Could my nested applys be causing drop outs due to memory references?

@zkyz

It’s a good question, let me follow up with a few clarifying questions:

  • What is the type of uri?
  • What sql database are you using?
  • Is any part defaulting to pandas?
  • Can you check that best_result_df is/isn’t dropping rows? (i.e. could the insert be the source)

It’s not immediately clear that the nested parallelism here would cause rows to be dropped, let’s figure it out!

Hey, sorry for the slow response.

  • uri here is a db connection string so that modin can use the workers.
  • postgres
  • these two parts are actually multiple columns so I believe they’re referring to default pandas
    # do some sorting 
    merged_df.sort_values(by=["some_column_1", "some_column_2"])
    # find the best result
    best_result_df = merged_df.groupby(["pkey1", "pkey2"]).first().reset_index()
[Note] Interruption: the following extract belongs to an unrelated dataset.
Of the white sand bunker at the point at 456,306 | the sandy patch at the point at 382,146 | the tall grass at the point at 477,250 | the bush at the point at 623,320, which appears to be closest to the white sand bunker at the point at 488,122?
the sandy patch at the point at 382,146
^ the group by is based on not null primary keys so shouldn’t being any drops caused by NaNs.

The only other purely pandas method is my initial table copy: entire_table_df = pandas.read_sql(row.table_name, uri)
This is only to stop too many connections pulling from the database (and crashing it).
(pushing doesn’t seem to be as big an issue)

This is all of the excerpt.